Джо скрыл свою радость. Его ученица начинала мыслить, как бизнесмен.

– Это уже следующая ступень, – сказал он. – Кислоту производят химкомпании на севере, которые сами бы рады купить фосфатную руду. Они вовсе не стремились продавать ее, чтобы делать чарлстонцев конкурентами. Они только платили расходы по фрахту. Перевозка на судне может либо разорить, либо обогатить производителя. Железная дорога устанавливает тарифы, а тарифы на перевозку кислоты особенно высоки. Глаза Элизабет засверкали.

– Полагаю, у производителей-химиков нет родни среди владельцев железнодорожных акций.

Джо хлопнул себя по колену:

– Да поможет Бог моим дружкам, когда ты накинешь петлю на Уолл-Стрит. Ты вбиваешь гвоздь по самую шляпку. Но мы говорим не о Юге. Северных бизнесменов связывает не родство, а деньги. Сомкнутое руководство, как они это называют. Это замкнутый круг, и тем, кто в него не входит, приходится несладко.

– Продолжай, Джо. Ты не настолько изменился, чтобы не приберечь главную часть истории до поры. И что же случилось потом?

– Хорошо ли ты знаешь географию?

– Недурно знаю о краях, где побывала тетя Джулия.

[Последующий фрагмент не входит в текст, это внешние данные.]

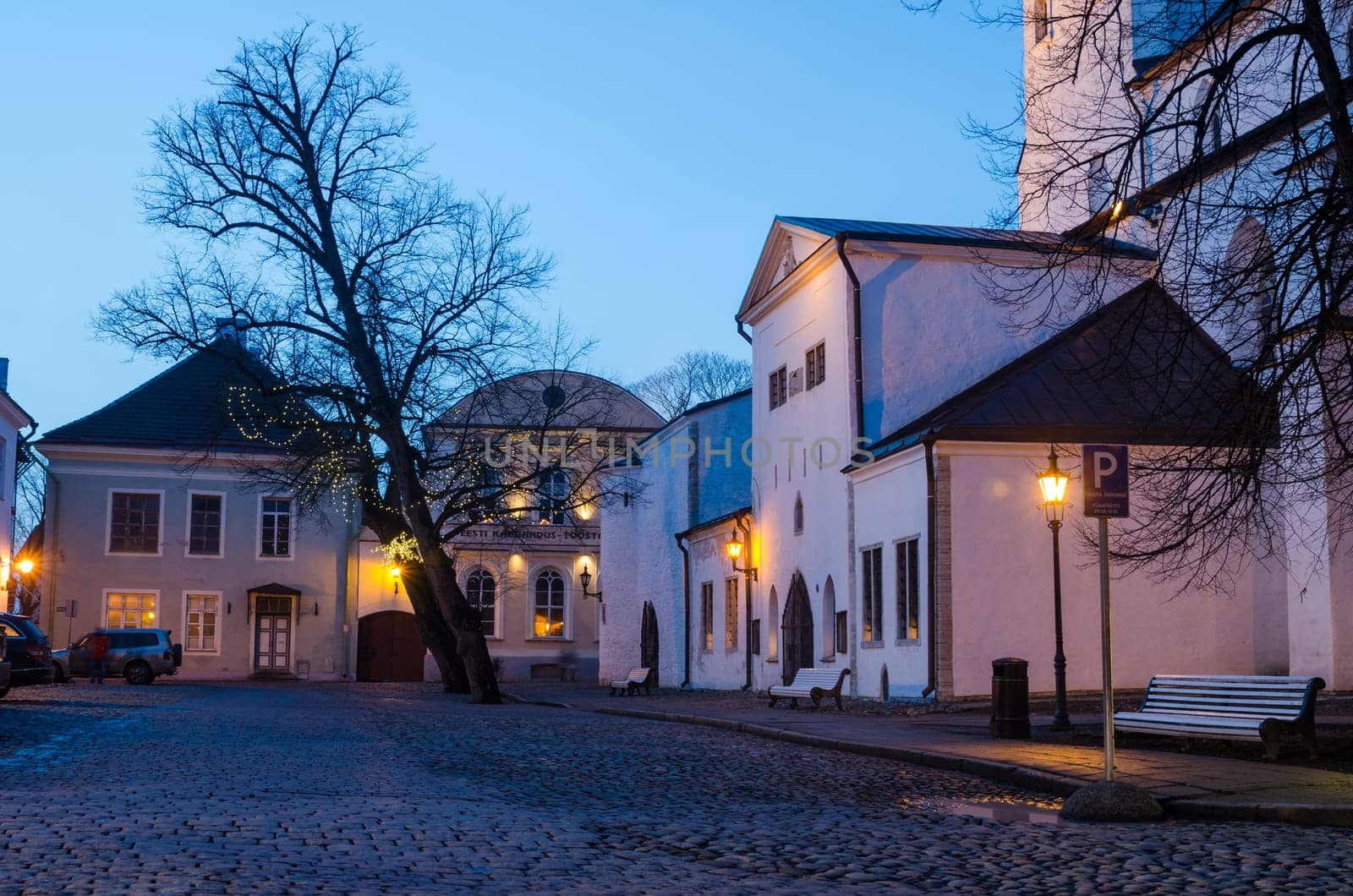 TALLINN, ESTONIA -JANUARY 05: People walk down the street in the Old Town Christmas holidays in Tallinn on January 05, 2014 in Tallinn , Estonia.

– Она бывала на Сицилии? Или в Италии?

– В Италии? Да. Она любила эту страну. Она говорила, что Флоренция напоминает ей Чарлстон.

– Сицилия совсем не похожа на Южную Каролину. Это большой остров неподалеку от Италии. Единственное, должно быть, место на земле, где население бедней, чем чарлстонцы в семидесятых. И там столько серы, что порой гора открывается и выплевывает ее огненным дождем.

– Трудно в это поверить.

– Ты никогда не слышала о вулканах? Но фабрика, которую ты только что видела, в качестве сырья обрабатывает вулканическую серу. Ее привозят морем, и из нее вырабатывают серную кислоту. При помощи кислоты производитель делает удобрения из местной породы. А потом готовый продукт морским путем переправляют в Англию. Ни железнодорожных тарифов, ни трудностей с вагонетками, ни возни с владельцами железных дорог. Они совершенно независимы. Элизабет улыбнулась:

– И не надо нападать на форт Самтер. Янки, должно быть, сумасшедшие.

– Они не слишком счастливы.

– А могли бы мы в Карлингтоне наладить такое же производство?

– Конечно. Необходимо только время. Нужно кое-чему научиться, вложить деньги. Для этого они у меня найдутся. Что ты хочешь сказать?

Элизабет смотрела сосредоточенно.

– Насколько трудно разобраться в документации? Ты что имеешь в виду, говоря, что нужно кое-чему научиться?

– Еще многое. Но тебе придется начать с изучения книг.

– Зайдем в контору по пути домой. Возьмем книги, ты останешься после ужина и, когда дети улягутся спать, все мне объяснишь.

Маленькая начальственная Лиззи вернулась. Джо отвел глаза, чтобы скрыть радость.

Церковный колокол пробил два, когда Элизабет закрыла огромный гроссбух и протерла глаза.

– Уже не помню, когда так поздно засиживалась. Почему бы тебе не остаться ночевать, Джо? Утром я велю детям, чтобы не шумели, и ты выспишься.

Он подумал, каково было бы провести ночь под одним кровом с ней и вместе позавтракать. И так еще два-три дня. Чувствовалась какая-то сокровенность в этой залитой газовым светом комнате посреди спящего города.

Джо вообразил, что они одни на целом свете и никто не может потревожить их. Но это было не так. «Встанет солнце, – сказал он себе, – и комната покажется обыкновенной – крохотным уголком громадного мира. И тебе предстоит возвратиться, как ни больно будет расставаться. Но выбора нет. Расставание неизбежно. В Нью-Йорке ждут Виктория и Эмили».

Джо встал и потянулся.

– Спасибо, Элизабет, но я не могу остаться. Я оставил в отеле множество бумаг, которые надо просмотреть, а еще я должен ответить на несколько писем. Потом надо заехать в Симмонсвиль, проверить, как там идут дела. Думаю, тебе стоит поработать над книгами и все хорошенько обдумать. Я вернусь в субботу вечером. Когда ты в воскресенье придешь из церкви, я зайду, и ты скажешь мне свое решение.

Джо говорил быстро, голос его звучал резко. Она, не понимая, взглянула на него, и его сердце отозвалось болью. Она не догадывалась, что он еле сдерживается, чтобы не сказать всего, что хотел бы сказать. Признание в любви, возможно, испугало бы ее больше, чем сухой, деловой тон.

– Джо? – с недоумением спросила она, словно говоря: «Почему?»

Джо порывисто обнял ее.

– Все будет в порядке, девочка, – сказал он и резко отшатнулся, будто подтверждая свое обещание.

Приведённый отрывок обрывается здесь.